ON APPEAL FROM Family Division (RCJ)
Sir Paul Coleridge sitting as a High Court Judge
FD12D03916
Royal Courts of Justice
Strand, London, WC2A 2LL
Before :
LORD JUSTICE BRIGGS
and
LADY JUSTICE KING
Between :
Li Quan | Appellant |
- and - | |
Stuart Bray | 1st Respondent |
- and - | |
Save China’s Tigers | 2nd Respondent |
Richard Todd QC & Lily Mottahedan (instructed by Vardags Solicitors) for the Appellant
The 1st Respondent appeared in person and was unrepresented
Richard Harrison QC & Samantha Ridley (instructed by Lewis Silkin LLP) for the 2nd Respondents
Hearing date : Tuesday 10th November 2015
Judgment
Approved Supplemental Judgment (to be read in conjunction with [2015] EWCA Civ 1253)
Lady Justice King :
On 4 December 2015, a short judgment by Briggs LJ and King LJ was handed down granting Li Quan (the wife) permission to appeal against an order made on 27 October 2014 by Mr Justice Coleridge (as he then was).
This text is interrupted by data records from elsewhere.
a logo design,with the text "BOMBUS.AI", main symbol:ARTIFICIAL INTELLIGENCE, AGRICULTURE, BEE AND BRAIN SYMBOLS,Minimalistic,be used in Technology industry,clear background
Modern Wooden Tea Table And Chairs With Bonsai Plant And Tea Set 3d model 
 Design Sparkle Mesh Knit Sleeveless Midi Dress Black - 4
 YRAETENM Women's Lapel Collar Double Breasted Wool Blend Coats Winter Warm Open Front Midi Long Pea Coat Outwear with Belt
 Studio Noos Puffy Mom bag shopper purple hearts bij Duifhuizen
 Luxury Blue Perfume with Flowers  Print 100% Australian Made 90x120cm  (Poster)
The court provided for the filing of submissions by the parties in order for case management orders to be made to ensure the smooth running of the appeal itself.
By a Notice of Application dated 7 December 2015 Stuart Bray ( the husband) who represents himself in these proceedings, requests Briggs LJ and King LJ:
“to exercise the jurisdiction granted to them under the line of case law following re Barrell Enterprises [1973] 1 WLR 19, which allow them to reverse or revisit or clarify their decision before sealing of the Order. Such an action would be in accordance with the overriding objective, to deal with the application justly, for the reasons set out in the notes in support of the application attached herein”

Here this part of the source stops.